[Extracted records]
=-=-=-=-=

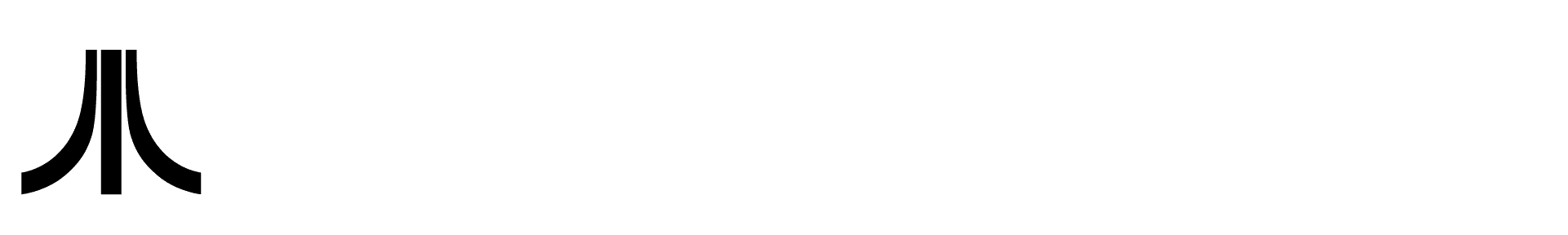 Atari 400 logo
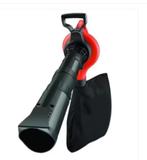 BLACK+DECKER GW3030- Variable Speed 3000 bladblazer chcs, Tuin en Terras, Bladblazers, Ophalen, Gebruikt, Black+Decker, Ruggedragen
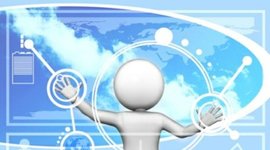 Timeline: Электронная Россия, Концепция электронного государства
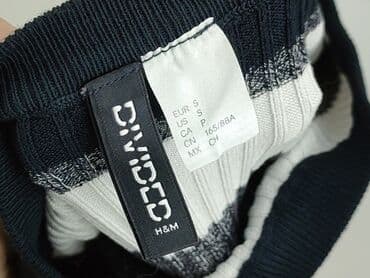 h m sweter w paski: H&M Divided, Sweter damski, rozmiar S — 4
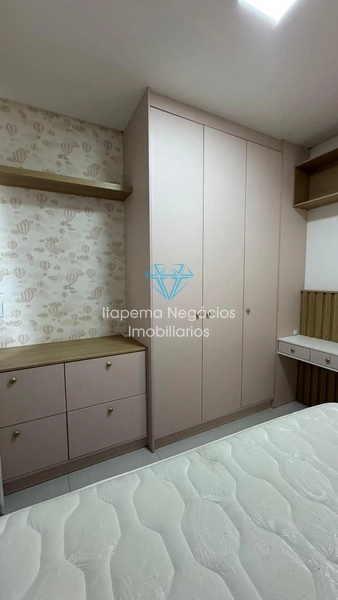 Apartamento Mobiliado para Locação Anual – Itapema/SC: 29ª foto da galeria de imagens do imóvel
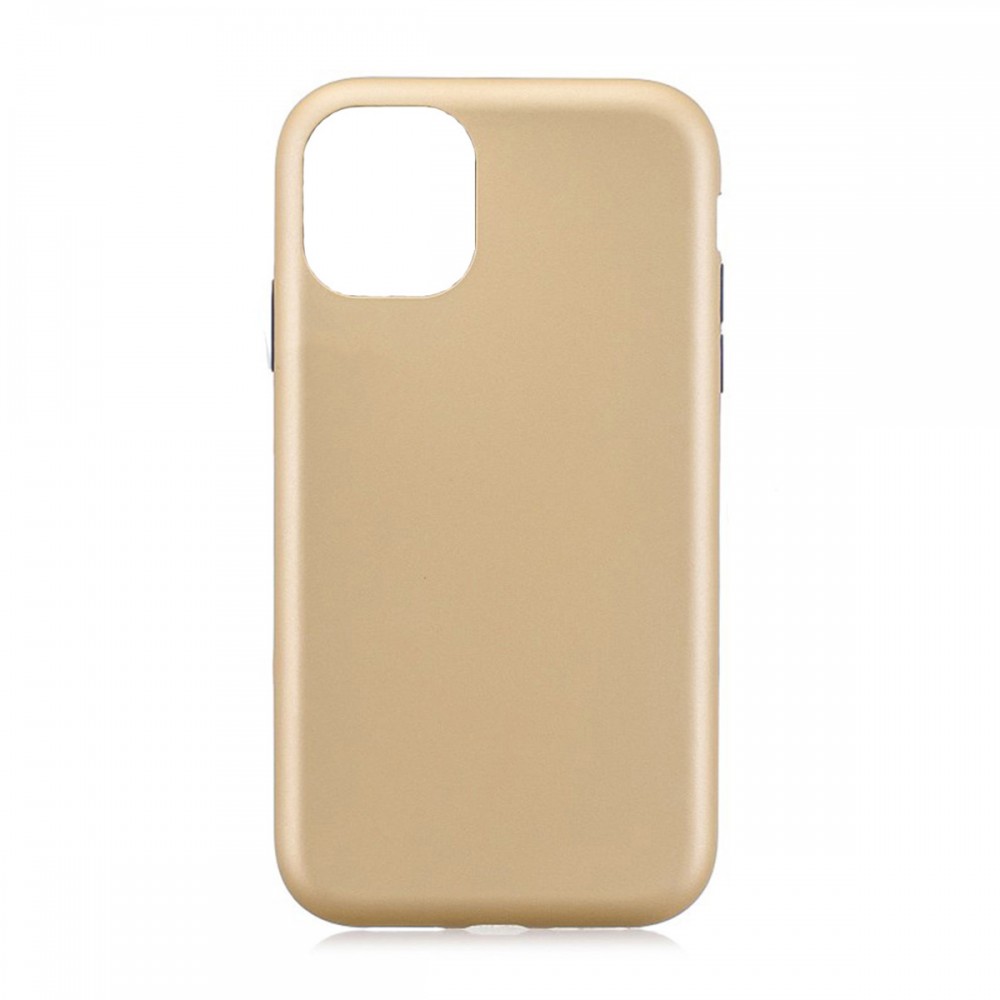 Калъфи - Калъф Apple iPhone 11 Pro Max X-Level Guardian Gold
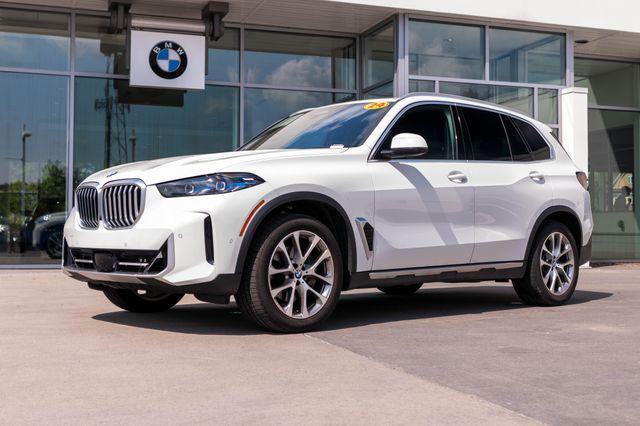 2024 BMW X5 - $44,994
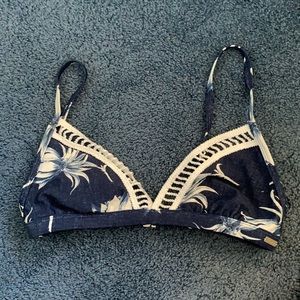 Roxy Swim Top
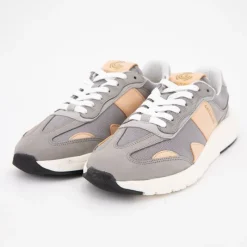 Basket gray/nude starlite gnd11020306h 36/40 Femme Femme Baskets, Sneakers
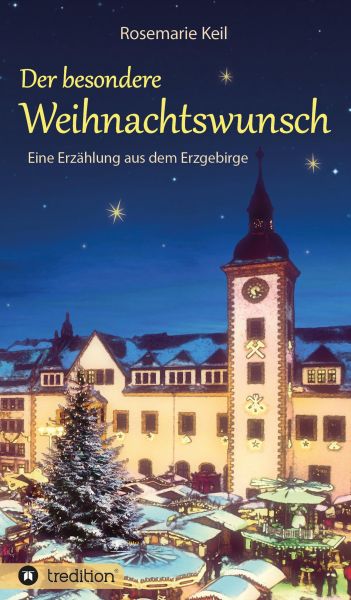 Der besondere Weihnachtswunsch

=-=-=-=-=

Directions for this task: Please retype all the entries word for word, omitting the pictures.

Solution to the exercise:
 Atari 400 logo
 BLACK+DECKER GW3030- Variable Speed 3000 bladblazer chcs, Tuin en Terras, Bladblazers, Ophalen, Gebruikt, Black+Decker, Ruggedragen
 Timeline: Электронная Россия, Концепция электронного государства
 h m sweter w paski: H&M Divided, Sweter damski, rozmiar S — 4
 Apartamento Mobiliado para Locação Anual – Itapema/SC: 29ª foto da galeria de imagens do imóvel
 Калъфи - Калъф Apple iPhone 11 Pro Max X-Level Guardian Gold
 2024 BMW X5 - $44,994
 Roxy Swim Top
 Basket gray/nude starlite gnd11020306h 36/40 Femme Femme Baskets, Sneakers
 Der besondere Weihnachtswunsch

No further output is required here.